Using the Government’s own updated value-for-money formula, the best-case scenario sees the expansion delivering only £3.3 billion of benefit, revised down from the £11.8bn cited by the independent Airports Commission in 2015. At worst, it could cost £2.2 billion, which could be borne by passengers or even government.

And that figure could be lower still. If the benefits which accrue from an increase in international-to-international passengers are stripped from the analysis, something which the Department for Transport recommends, that would mean up to a further £5.5 billion cost from building the third runway.

The new analysis, entitled Flying Low: reviewing the costs and benefits of Heathrow’s third runway, shows the economic case for expansion at Gatwick edging ahead of Heathrow, although its economic benefit to the UK would still be uncertain. The Gatwick second runway is now projected to offer a value of between £1bn and £2.4bn; rating as ‘low’ value according to the same Government formula.

Key findings from the report include:

  • Using the government’s own formula for assessing the value for money of transport schemes, Heathrow expansion along proposed lines would be rated as either ‘poor’ or ‘low’ value
  • Building Heathrow’s third runway will lead to lower passenger numbers at regional airports than if there were no South East expansion
  • Economic modelling for the Airport Commission’s ‘strategic case’, which produced some of the big GDP benefits cited in press reports at launch, is now discredited and should not be used.

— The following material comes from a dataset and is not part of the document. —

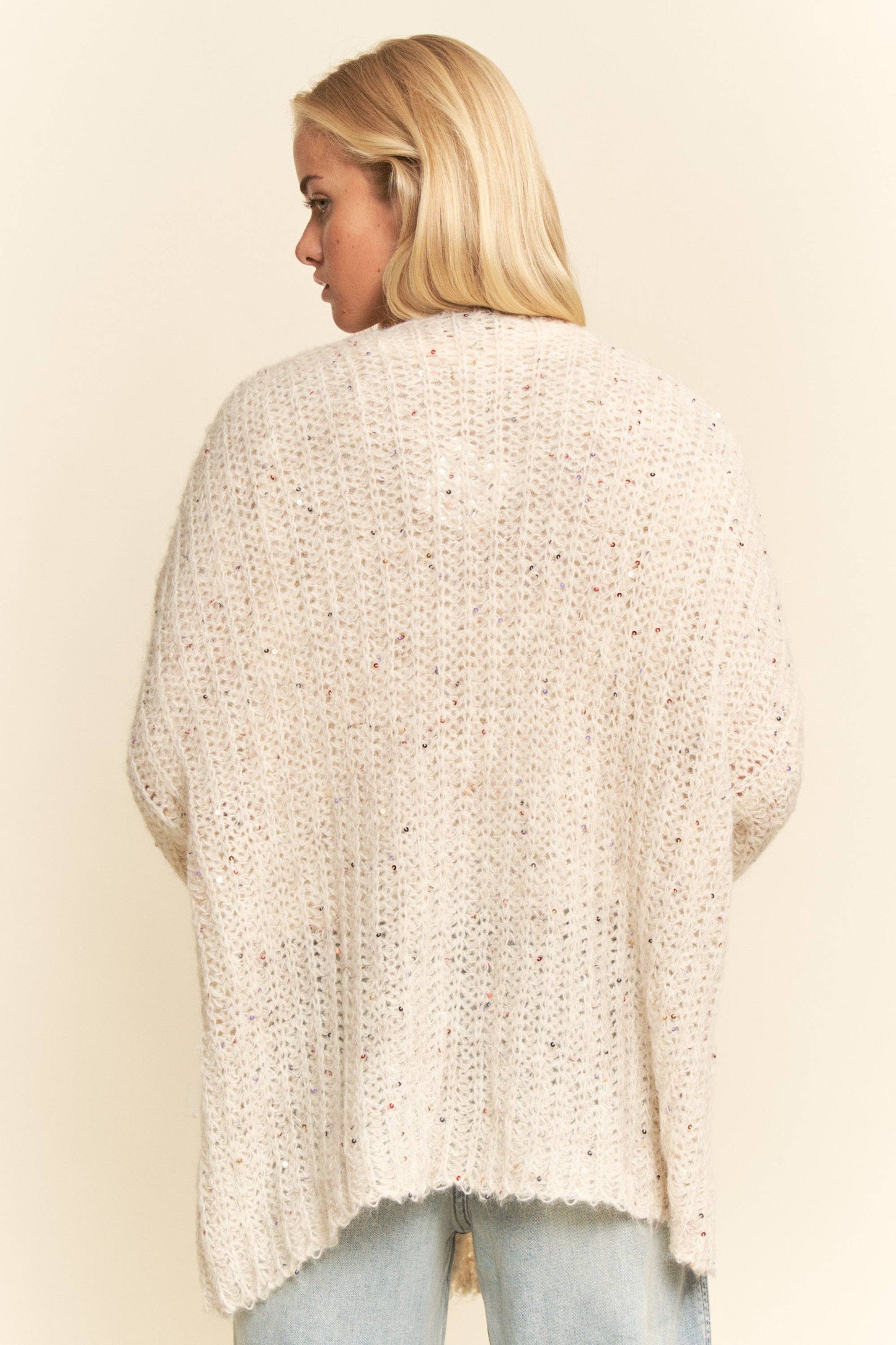 Sequin Speckled Knit Cardigan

Heathrow’s expansion could hurt economies in poorer areas of the UK as passenger numbers at regional airports drop. At the same time, other benefits to the UK will be limited: By 2040, 75 per cent of new passengers would only transfer at Heathrow and neither start nor finish their journey in the UK. In addition, new connections promised for the UK may only be viable with government support. The environmental impact of Heathrow expansion remains significant.

In light of the new analysis, the New Economics Foundation is urging the Government to revise its position on Heathrow. In addition, the think tank calls for an economically sustainable approach to meeting a growing demand for flights: prioritising and incentivising cleaner travel, and making inclusive growth and shared benefits a key criteria of any new transport initiative.

Andrew Pendleton, Director of Policy and Advocacy at New Economics Foundation said:

“This report clearly shows that a new runway at Heathrow is not only bad for the environment but also poor value for money. And it threatens to further entrench the regional imbalances in our economy.

“Based on this report, we question whether the planned Parliamentary vote on the scheme this Spring should go ahead. It seems clear that Heathrow’s third runway project is no longer financially viable, and indeed the Government’s own method for appraising such projects should rule it out.

“If the vote does go ahead, we urge MPs to consider carefully the poor value for money that Heathrow now offers and whether other schemes would bring much greater benefit top passengers across the UK at much less cost.”